- Negative rates amount to ‘confiscation of money,’ Peebles says
- Argentina, Zimbabwe show futility of central banks, he says
Douglas Peebles, who oversees more than $200 billion at AllianceBernstein Holding LP as chief investment officer of fixed income, said that years of central banking stimulus have propelled asset prices to levels that may be unsustainable.
“I’m not very bullish on financial asset prices at the moment,” Peebles said Tuesday during an insurance conference in New York hosted by S&P Global Ratings. “I’m not allowed to call this one a bubble yet, but I actually think we’re in a bubble, sorry.”

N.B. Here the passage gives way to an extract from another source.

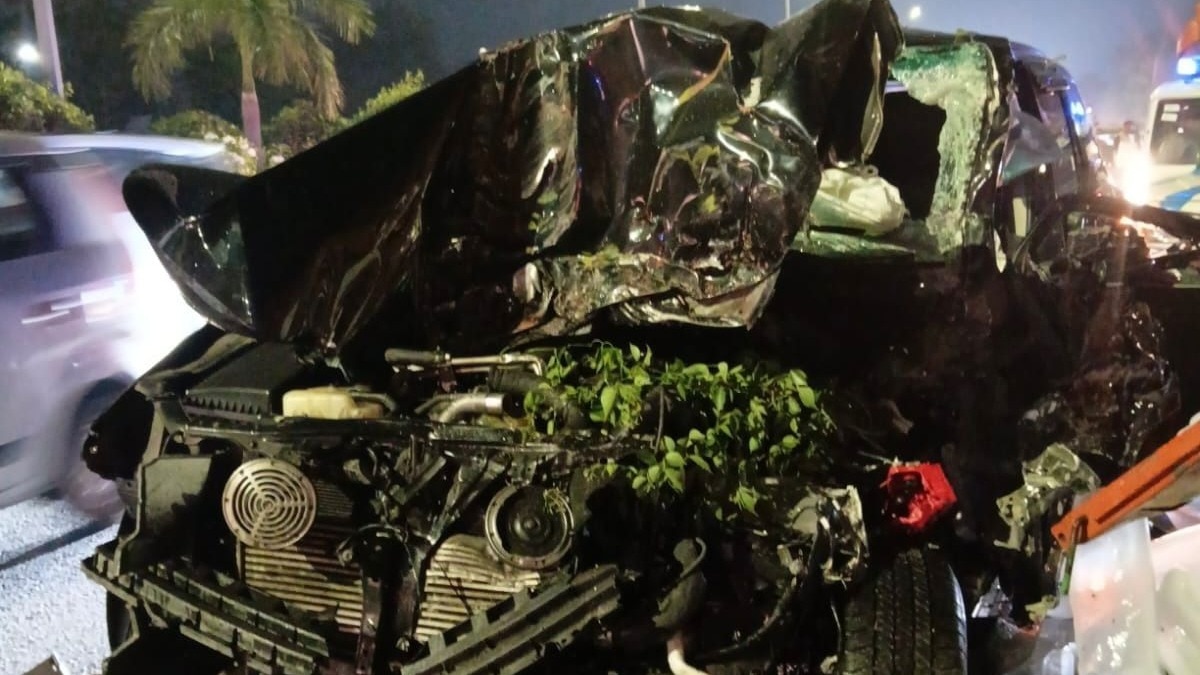 हैदराबाद में भीषण हादसा, तेज रफ्तार कार ट्रक में घुसी, एक की मौत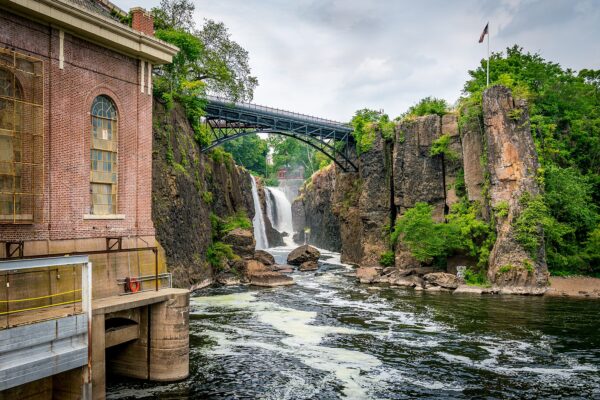 Водопады Грейт-Фолс на реке Пассаик (Great Falls, Passaic River) Водопады Грейт-Фолс на реке Пассаик (Great Falls, Passaic River)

Investors are paying more for bonds as central banks work to stimulate economic growth. The yield on Germany’s 10-year bund dropped below zero for the first time on record on Tuesday, as the nation joined Japan and Switzerland as major economies with negative figures for that duration.
“I call that confiscation of money,” Peebles said. “If central banks could just create wealth and create growth then Zimbabwe and Argentina would be the richest countries in the world.”
In the U.S., fewer Federal Reserve officials expect the central bank to raise interest rates more than once this year, according to projections released by the Federal Open Market Committee Wednesday following a two-day meeting in Washington. The FOMC left the target range for the benchmark federal funds rate unchanged at 0.25 percent to 0.5 percent, the first unanimous decision since January.
Peebles said insurers can counter low rates by boosting direct lending as banks scale back. This could also be a time to add emerging markets debt, he said.